As first lady and as a U.S. senator, Hillary Clinton visited more than 80 nations, but for a majority of the world's population, her unique quality may be her gender. Senator Clinton understands that improving the status of women is not simply a moral imperative; it is necessary to building democracies around the globe. Improving the status of women is key to creating stable families, stable communities, and stable countries. Women's ability to control the size of their families, regardless of economics, nationality, or culture, has a direct impact on their economic well-being and that of their children. Senator Clinton understands that women's quality of life directly affects the major issues confronting the globe: national security, environmental sustainability, and global poverty.
In a speech that, by the standards of the Bush administration, sounds positively radical, Clinton addressed the Cairo Plus Five Forum at the Hague in 1999, saying, "Women's reproductive health and empowerment are critical to a nation's sustainability and growth ... we now know that no nation can hope to succeed in the global economy of the 21st century if half of its people lack the opportunity and the right to make the most of their God-given potential. No nation can move forward when its women and children are trapped in endless cycles of poverty; when they have inadequate health care, poor access to family planning, limited education."

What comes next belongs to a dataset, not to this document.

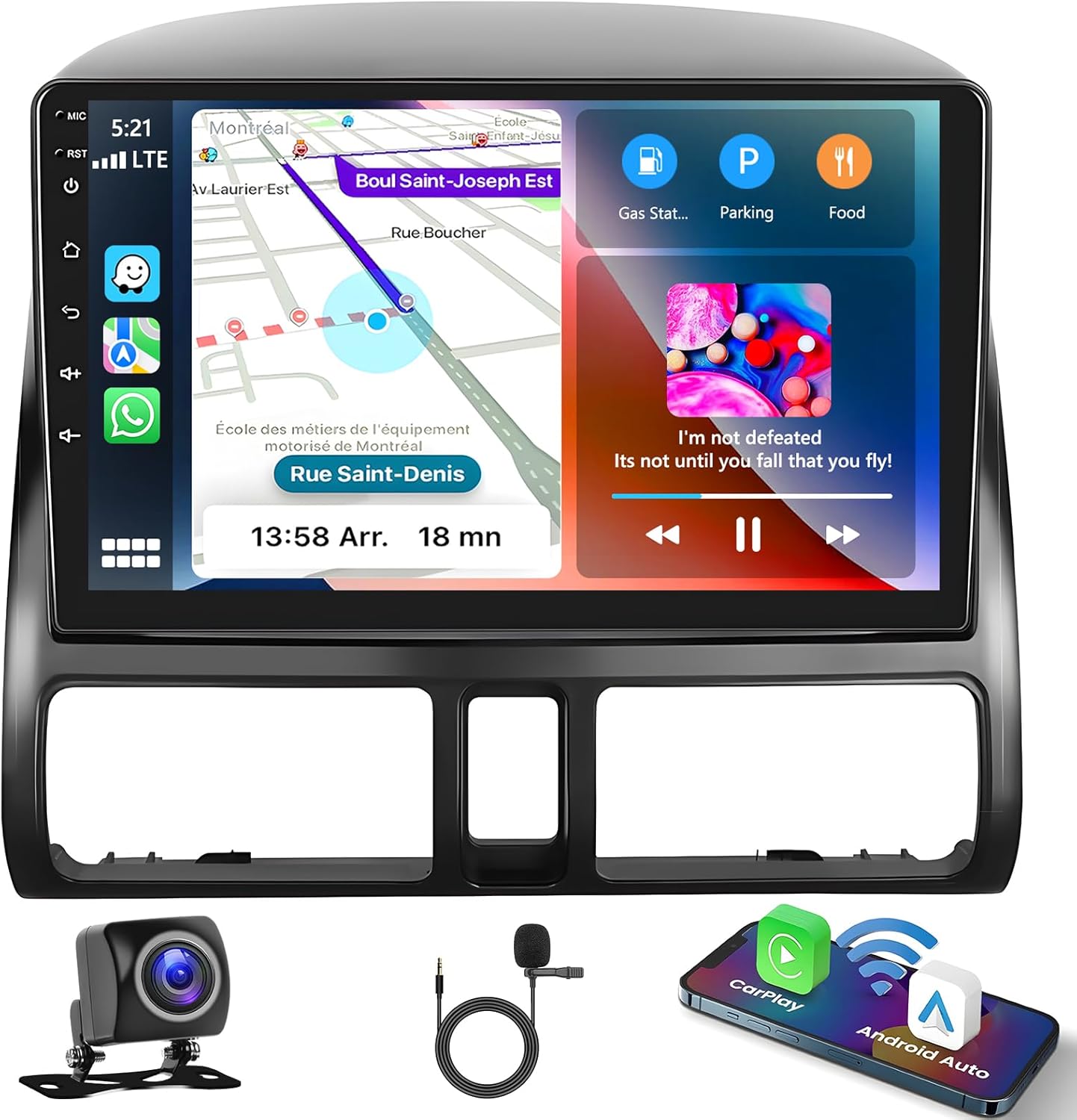 Podofo for Honda CRV 2002-2006 Wireless Apple Carplay Android Auto,9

What a new day it will be when we can quit fighting with our government over the need to bring health care, education, and equality to women in every country -- including our own. Let's hope for a swift confirmation for our new secretary of state and celebrate her taking on this enormously important assignment. To Njeri and the thousands of women like her who see the impact of U.S. policy every day -- it is the true beginning of the 21st century.